## [What the exercise asks]
Among the entries below, retype exactly the lines starting with the one with "Flareon V Swsh179" and going on through the one with "Les Parapluies de Cherbourg", but not the pictures.

## [The records]
= Beginning of Section =

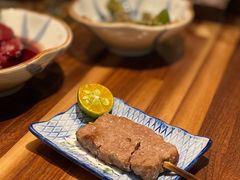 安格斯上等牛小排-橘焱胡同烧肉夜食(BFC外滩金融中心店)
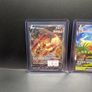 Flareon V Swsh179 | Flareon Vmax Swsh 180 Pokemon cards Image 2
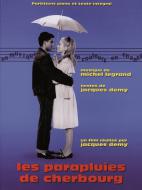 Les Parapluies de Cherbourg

= End of Section =
= Beginning of Section =

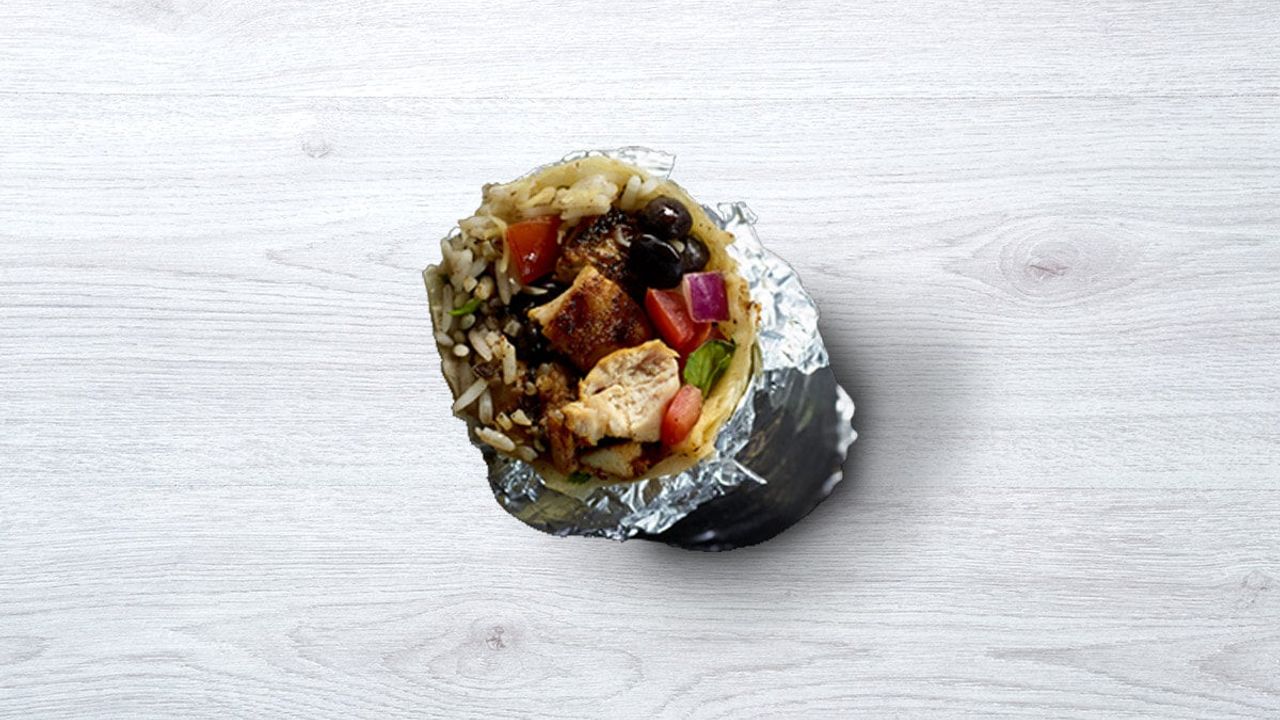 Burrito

= End of Section =
= Beginning of Section =

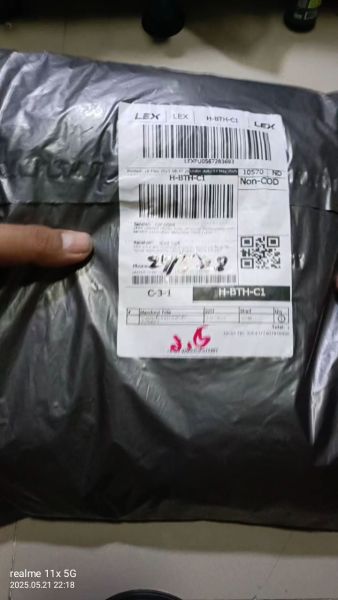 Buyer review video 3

= End of Section =

## [Your response]
 Flareon V Swsh179 | Flareon Vmax Swsh 180 Pokemon cards Image 2
 Les Parapluies de Cherbourg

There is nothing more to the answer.